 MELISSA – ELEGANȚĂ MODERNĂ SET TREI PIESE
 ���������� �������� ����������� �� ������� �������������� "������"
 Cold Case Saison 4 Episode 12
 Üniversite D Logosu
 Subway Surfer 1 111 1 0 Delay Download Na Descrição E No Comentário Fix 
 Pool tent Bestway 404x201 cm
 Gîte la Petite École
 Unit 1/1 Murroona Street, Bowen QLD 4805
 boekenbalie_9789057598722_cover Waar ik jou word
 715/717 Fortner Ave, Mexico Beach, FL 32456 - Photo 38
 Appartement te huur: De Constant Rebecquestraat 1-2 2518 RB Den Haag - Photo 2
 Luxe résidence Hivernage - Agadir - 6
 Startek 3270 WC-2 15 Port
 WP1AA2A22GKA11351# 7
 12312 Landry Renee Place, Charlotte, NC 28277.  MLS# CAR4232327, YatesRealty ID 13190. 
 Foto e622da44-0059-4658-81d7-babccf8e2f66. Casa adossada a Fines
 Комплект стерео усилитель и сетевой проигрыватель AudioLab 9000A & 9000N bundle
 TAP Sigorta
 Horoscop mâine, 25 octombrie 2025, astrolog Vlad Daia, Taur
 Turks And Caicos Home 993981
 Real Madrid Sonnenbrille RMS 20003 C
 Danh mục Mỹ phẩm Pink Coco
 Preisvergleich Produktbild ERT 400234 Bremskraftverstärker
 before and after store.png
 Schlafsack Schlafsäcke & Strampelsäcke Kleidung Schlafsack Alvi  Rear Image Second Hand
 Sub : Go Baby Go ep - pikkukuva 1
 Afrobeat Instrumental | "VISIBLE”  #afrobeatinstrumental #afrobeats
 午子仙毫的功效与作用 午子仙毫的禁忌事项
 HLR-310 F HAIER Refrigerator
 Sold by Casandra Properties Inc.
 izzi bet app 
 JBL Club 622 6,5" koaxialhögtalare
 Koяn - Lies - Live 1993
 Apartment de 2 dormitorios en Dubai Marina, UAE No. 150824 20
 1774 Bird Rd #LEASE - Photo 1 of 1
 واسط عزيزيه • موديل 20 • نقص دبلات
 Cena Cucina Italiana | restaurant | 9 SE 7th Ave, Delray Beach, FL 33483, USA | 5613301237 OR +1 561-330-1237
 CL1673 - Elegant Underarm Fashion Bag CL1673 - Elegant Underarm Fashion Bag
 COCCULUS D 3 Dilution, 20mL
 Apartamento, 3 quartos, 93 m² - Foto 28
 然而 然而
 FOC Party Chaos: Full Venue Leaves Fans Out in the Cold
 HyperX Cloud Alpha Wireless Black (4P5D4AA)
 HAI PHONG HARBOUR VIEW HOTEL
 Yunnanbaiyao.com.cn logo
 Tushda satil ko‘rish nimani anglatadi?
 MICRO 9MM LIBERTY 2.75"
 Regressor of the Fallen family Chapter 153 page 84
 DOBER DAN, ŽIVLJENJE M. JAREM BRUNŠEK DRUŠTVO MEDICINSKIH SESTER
----------
→ **Problem statement**
Return the records exactly, every line included.

→ **Task result**
 MELISSA – ELEGANȚĂ MODERNĂ SET TREI PIESE
 ���������� �������� ����������� �� ������� �������������� "������"
 Cold Case Saison 4 Episode 12
 Üniversite D Logosu
 Subway Surfer 1 111 1 0 Delay Download Na Descrição E No Comentário Fix 
 Pool tent Bestway 404x201 cm
 Gîte la Petite École
 Unit 1/1 Murroona Street, Bowen QLD 4805
 boekenbalie_9789057598722_cover Waar ik jou word
 715/717 Fortner Ave, Mexico Beach, FL 32456 - Photo 38
 Appartement te huur: De Constant Rebecquestraat 1-2 2518 RB Den Haag - Photo 2
 Luxe résidence Hivernage - Agadir - 6
 Startek 3270 WC-2 15 Port
 WP1AA2A22GKA11351# 7
 12312 Landry Renee Place, Charlotte, NC 28277.  MLS# CAR4232327, YatesRealty ID 13190. 
 Foto e622da44-0059-4658-81d7-babccf8e2f66. Casa adossada a Fines
 Комплект стерео усилитель и сетевой проигрыватель AudioLab 9000A & 9000N bundle
 TAP Sigorta
 Horoscop mâine, 25 octombrie 2025, astrolog Vlad Daia, Taur
 Turks And Caicos Home 993981
 Real Madrid Sonnenbrille RMS 20003 C
 Danh mục Mỹ phẩm Pink Coco
 Preisvergleich Produktbild ERT 400234 Bremskraftverstärker
 before and after store.png
 Schlafsack Schlafsäcke & Strampelsäcke Kleidung Schlafsack Alvi  Rear Image Second Hand
 Sub : Go Baby Go ep - pikkukuva 1
 Afrobeat Instrumental | "VISIBLE”  #afrobeatinstrumental #afrobeats
 午子仙毫的功效与作用 午子仙毫的禁忌事项
 HLR-310 F HAIER Refrigerator
 Sold by Casandra Properties Inc.
 izzi bet app 
 JBL Club 622 6,5" koaxialhögtalare
 Koяn - Lies - Live 1993
 Apartment de 2 dormitorios en Dubai Marina, UAE No. 150824 20
 1774 Bird Rd #LEASE - Photo 1 of 1
 واسط عزيزيه • موديل 20 • نقص دبلات
 Cena Cucina Italiana | restaurant | 9 SE 7th Ave, Delray Beach, FL 33483, USA | 5613301237 OR +1 561-330-1237
 CL1673 - Elegant Underarm Fashion Bag CL1673 - Elegant Underarm Fashion Bag
 COCCULUS D 3 Dilution, 20mL
 Apartamento, 3 quartos, 93 m² - Foto 28
 然而 然而
 FOC Party Chaos: Full Venue Leaves Fans Out in the Cold
 HyperX Cloud Alpha Wireless Black (4P5D4AA)
 HAI PHONG HARBOUR VIEW HOTEL
 Yunnanbaiyao.com.cn logo
 Tushda satil ko‘rish nimani anglatadi?
 MICRO 9MM LIBERTY 2.75"
 Regressor of the Fallen family Chapter 153 page 84
 DOBER DAN, ŽIVLJENJE M. JAREM BRUNŠEK DRUŠTVO MEDICINSKIH SESTER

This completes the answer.